▸ **Exercise goal**: Your task is to find every line of the data that holds the string "boat" and copy it.

▸ **Records**:

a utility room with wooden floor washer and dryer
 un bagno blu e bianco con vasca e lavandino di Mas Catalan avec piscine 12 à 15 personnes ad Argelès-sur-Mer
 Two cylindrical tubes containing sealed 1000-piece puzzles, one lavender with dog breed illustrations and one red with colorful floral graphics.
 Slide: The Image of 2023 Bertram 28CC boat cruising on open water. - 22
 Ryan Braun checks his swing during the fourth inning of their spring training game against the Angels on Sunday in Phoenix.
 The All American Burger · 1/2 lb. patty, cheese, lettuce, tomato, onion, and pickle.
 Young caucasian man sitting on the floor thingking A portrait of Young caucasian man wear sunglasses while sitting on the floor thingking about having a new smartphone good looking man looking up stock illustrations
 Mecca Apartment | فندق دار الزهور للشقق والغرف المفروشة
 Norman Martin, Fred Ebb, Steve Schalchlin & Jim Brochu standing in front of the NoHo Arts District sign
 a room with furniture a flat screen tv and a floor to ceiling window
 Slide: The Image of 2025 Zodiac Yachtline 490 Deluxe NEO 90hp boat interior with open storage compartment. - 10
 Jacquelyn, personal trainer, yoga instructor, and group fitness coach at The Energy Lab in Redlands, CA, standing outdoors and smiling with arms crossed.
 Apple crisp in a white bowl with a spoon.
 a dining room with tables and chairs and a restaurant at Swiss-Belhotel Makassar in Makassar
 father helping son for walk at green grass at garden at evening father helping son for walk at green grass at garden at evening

▸ **Exercise result**:
 Slide: The Image of 2023 Bertram 28CC boat cruising on open water. - 22
 Slide: The Image of 2025 Zodiac Yachtline 490 Deluxe NEO 90hp boat interior with open storage compartment. - 10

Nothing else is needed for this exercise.